Lettres d'Agathe

A gathe est née en 1946 d’un père revenu de guerre ayant quitté le foyer conjugal avant sa naissance et d’une mère distante au point de ne pas lui avoir donné de prénom. Socialement émancipée, elle éprouve le besoin de s’affranchir d’une souffrance fondée sur ses difficultés relationnelles avec sa génitrice, sans parvenir à donner du sens au rejet dont elle faisait l'objet. Après sa disparition, elle lui écrit trois lettres, espacées de quelques années.

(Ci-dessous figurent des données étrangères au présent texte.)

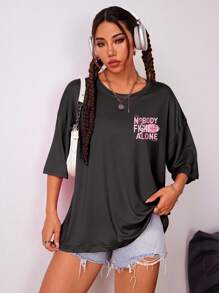 Damen Sommer Sport T-Shirt, Rundausschnitt, Kurzarm, 100% Polyester, gute Elastizität, gestrickter Stoff, Rugby Schriftprint, lässiger Pullover
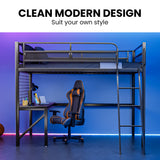 Darrahopens Furniture > Bedroom > Beds & Bed Frames Gaming Loft Bed with Desk, Gridwall, Steel Metal Frame, Space Saving Design, for Single Mattress, Matte Dark Grey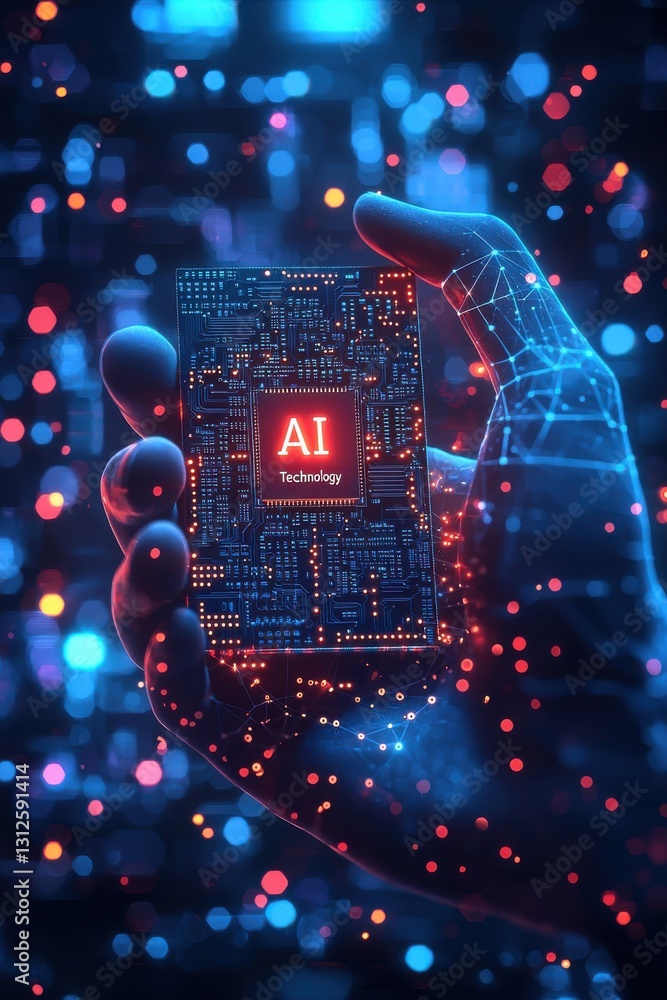 Poster futuristic hand holding an ai microchip with digital neural network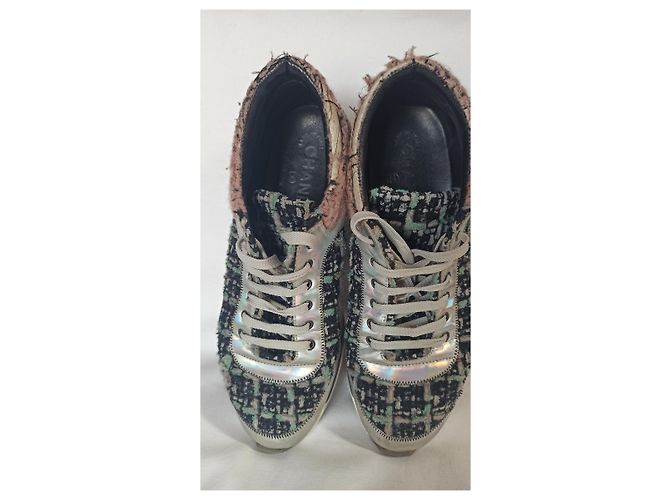Sneakers Chanel Runway Tweed e Pelle Argento 38 Multicolore - vista 3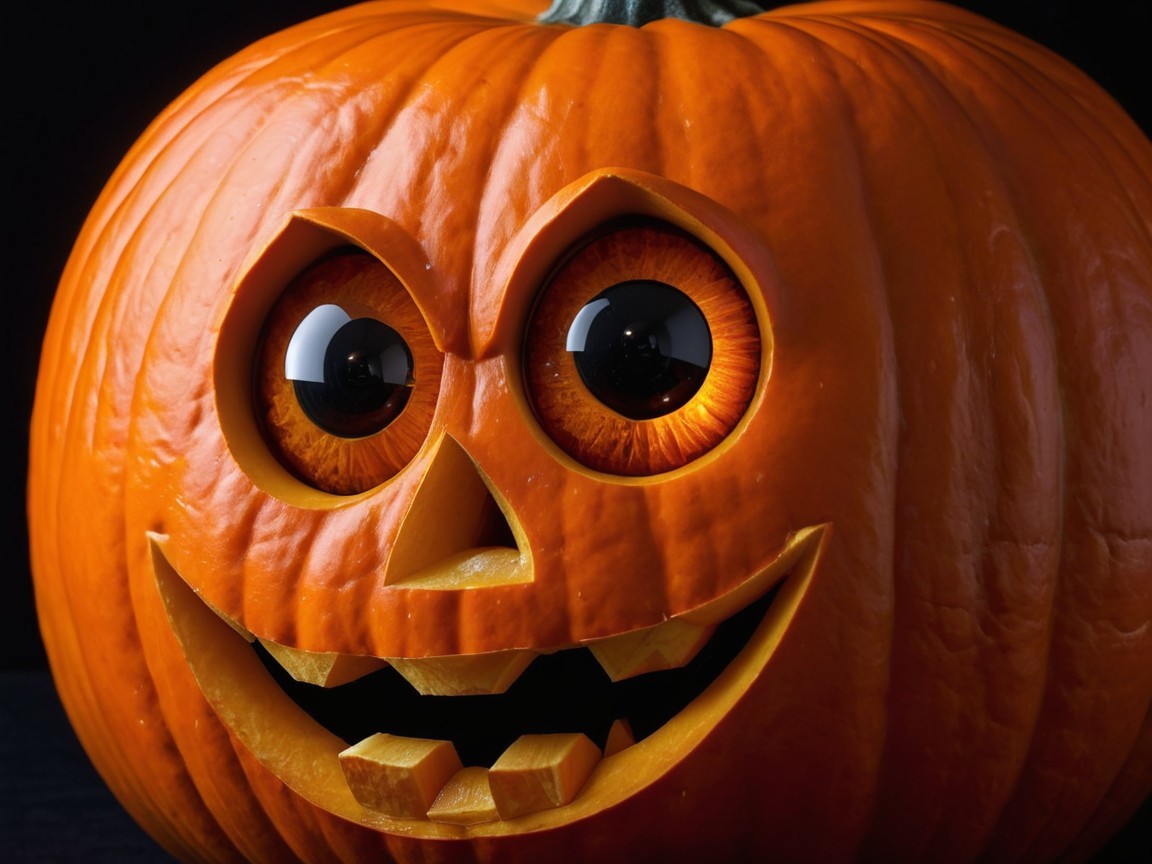 Close-up of a carved orange pumpkin jack-o'-lantern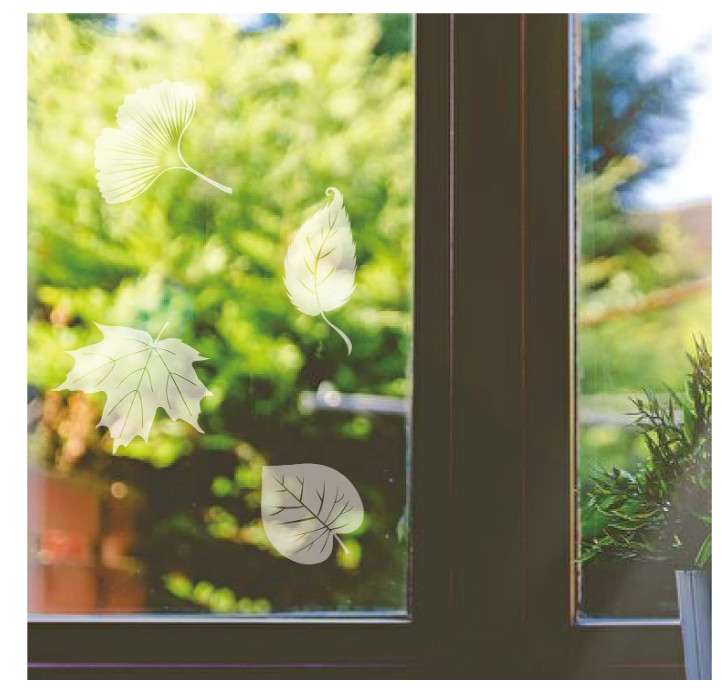 Window Decals for Bird Strikes,52 Pieces Large Leaf Shape anti Collision Window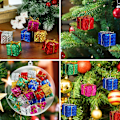 Miniatyrbild 3 av 4: 24 st små julklappsaskar i form av julgranskulor, hängande dekorationer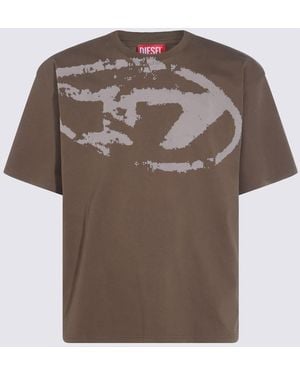 DIESEL Cotton T-Shirt - Brown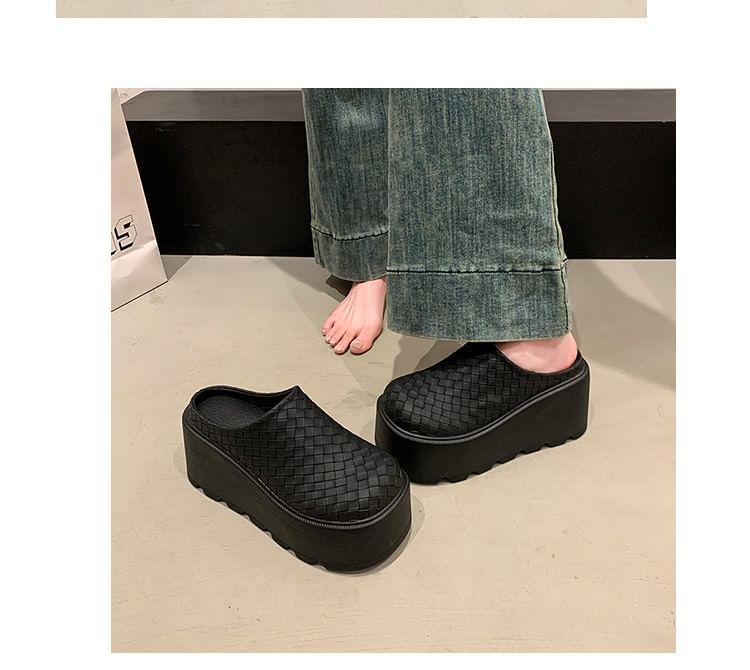 Leather Plain Faux Platform Mules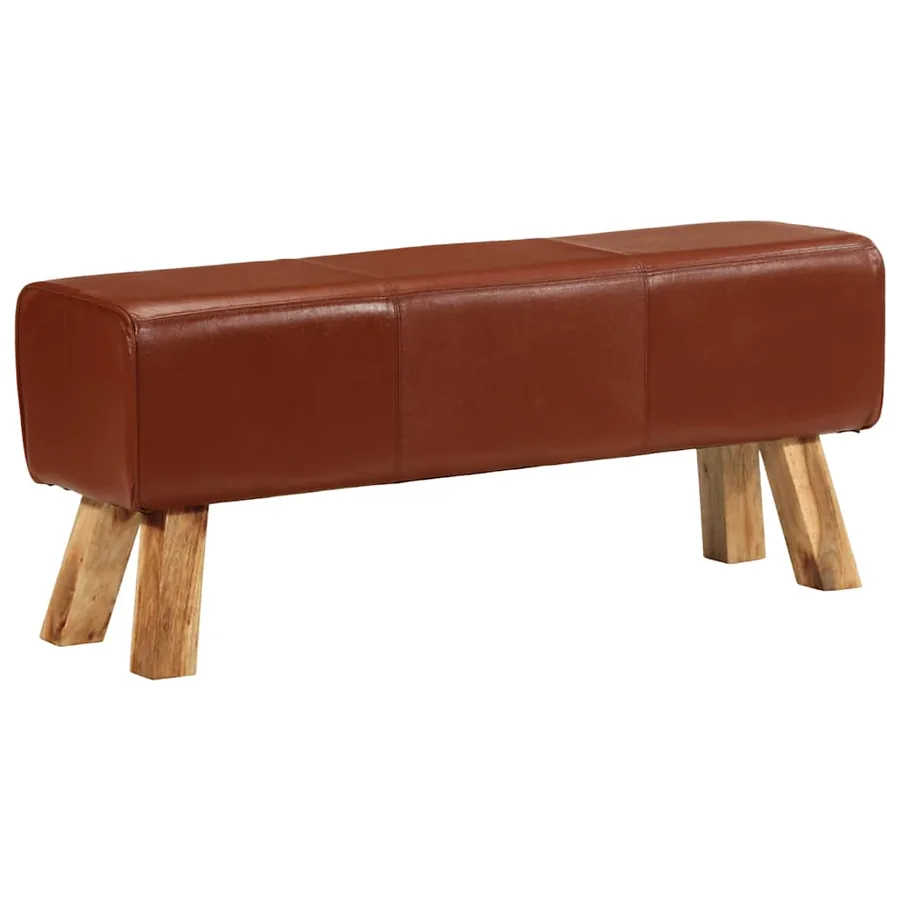 Banc de bok de gymnastique marron 110 cm cuir véritable et bois - 9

La première se fait le lit d’un retour sur les brimades, les humiliations, l’absence de communication, les incompréhensions, vécues et perçues durant une période s’étalant de la petite enfance à la veille des vingt printemps. Les robes trop grandes, les cheveux coupés à l’emporte-pièce le jour de la première rentrée des classes, les frères adulés par celle qui vous ignore, une forme de liberté qui leur est accordée quand la vôtre est réduite à néant, les remontrances, les punitions incessantes. Sans oublier la solitude qui accompagne la venue des premières règles qu'il faut devoir gérer seule et qui, pire encore, donnent lieu à réprimande, en lieu et place de l'information et d'une proximité rassurante. Et que dire de l’interdiction de poursuivre des études ?
Certes, des soutiens affectifs existent, celui du frère aîné, de la maîtresse, de l’oncle ou de la tante, de l’amie, mais jamais celui qui est attendu, espéré, celui qui manque, le plus important, celui de la maman. Alors, germe l’idée qu’il se peut qu’on soit né pour ne pas être aimé et s’installent insidieusement les conditions qui mèneront à la rupture.

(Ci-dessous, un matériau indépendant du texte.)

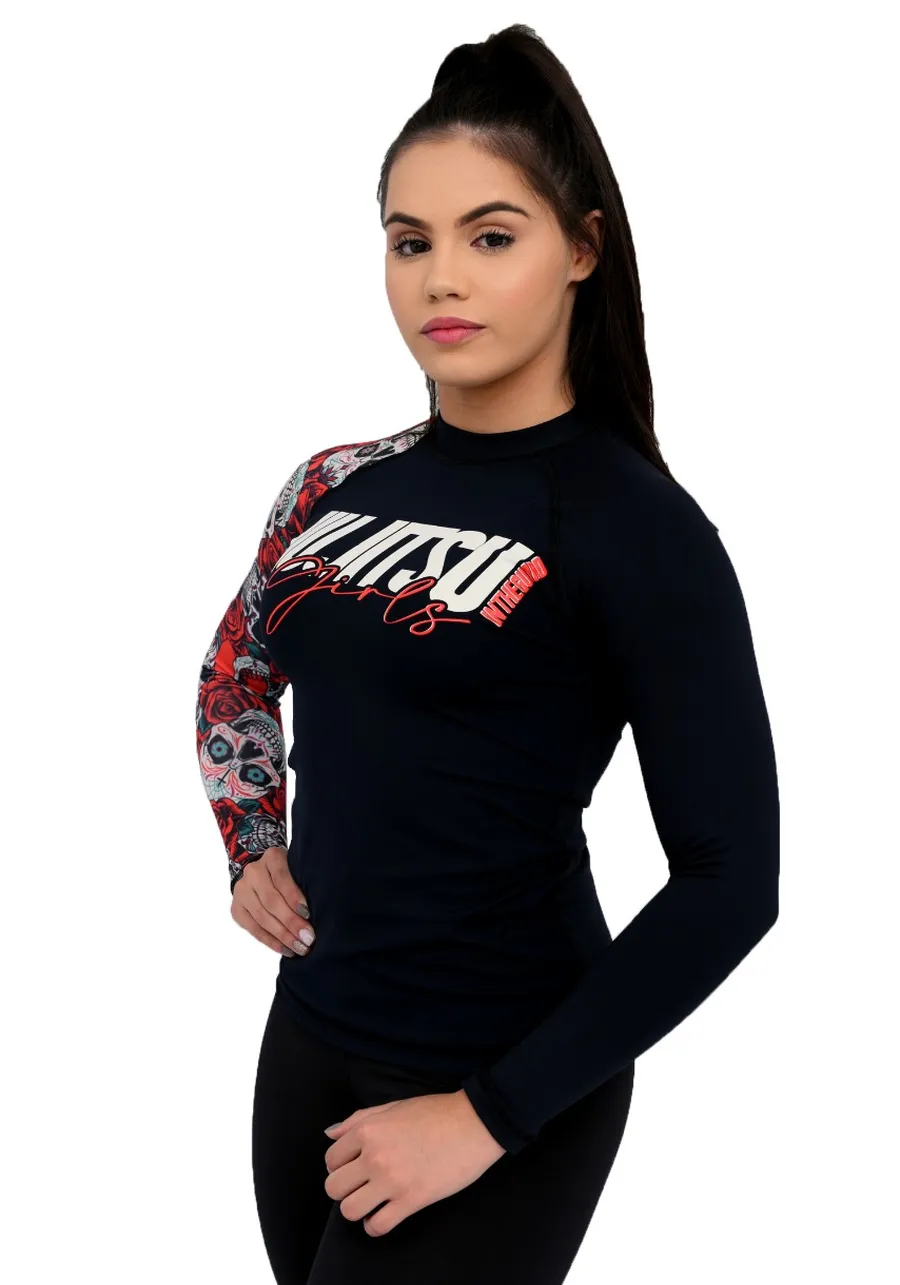Rash Guard Feminina Red Skull
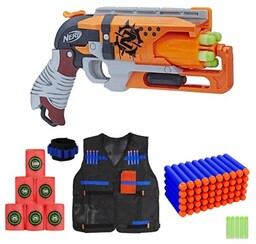 Zestaw Pistolet Nerf Zombie Strike Hammershot +opaska +kamizelka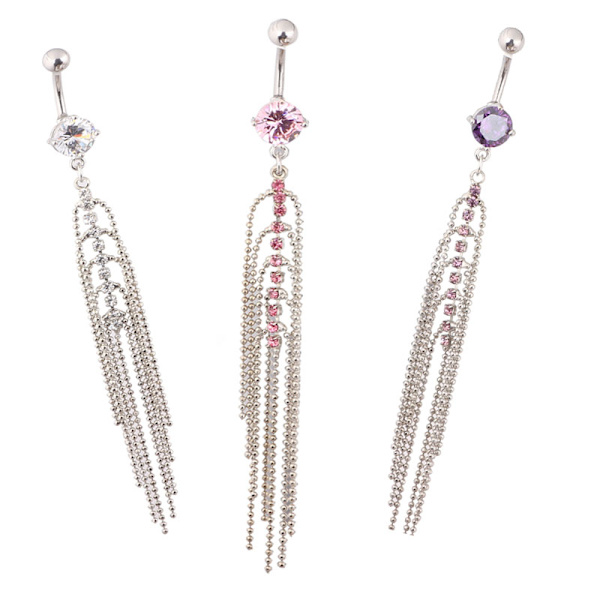 Navlepiercing sølv diamant strass Transparent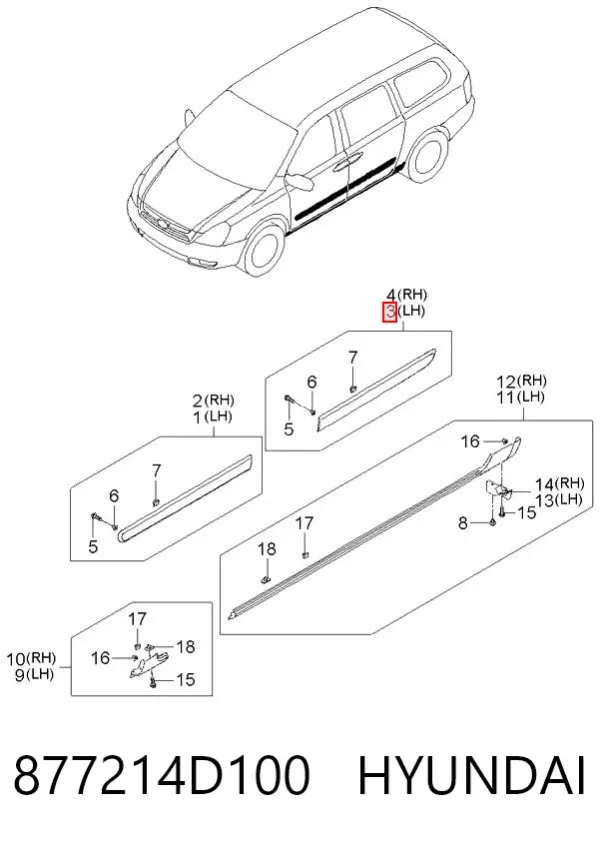Moldura de puerta trasera izquierda 877214D100 Hyundai/Kia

Lorsque Agathe couche les mots de la deuxième lettre sur le papier, elle est une femme indépendante, divorcée, recasée, bien dans son temps, apaisée, mais pas totalement débarrassée de son ressentiment. Le ton se rapproche de celui de la confidence, peut-être parce que ce qu’elle a découvert à propos de sa mère lui donne des éléments pour tenter de comprendre son comportement. Peut-être aussi parce qu’il lui est impossible, même en pensant avoir tourné la page, de se défaire de l’amour qu’elle a toujours porté à celle qui pourtant n’a eu de cesse de la rejeter. Enfin, le dernier volet est celui du premier retour sur les terres familiales et de l’instauration d’une forme de complicité posthume.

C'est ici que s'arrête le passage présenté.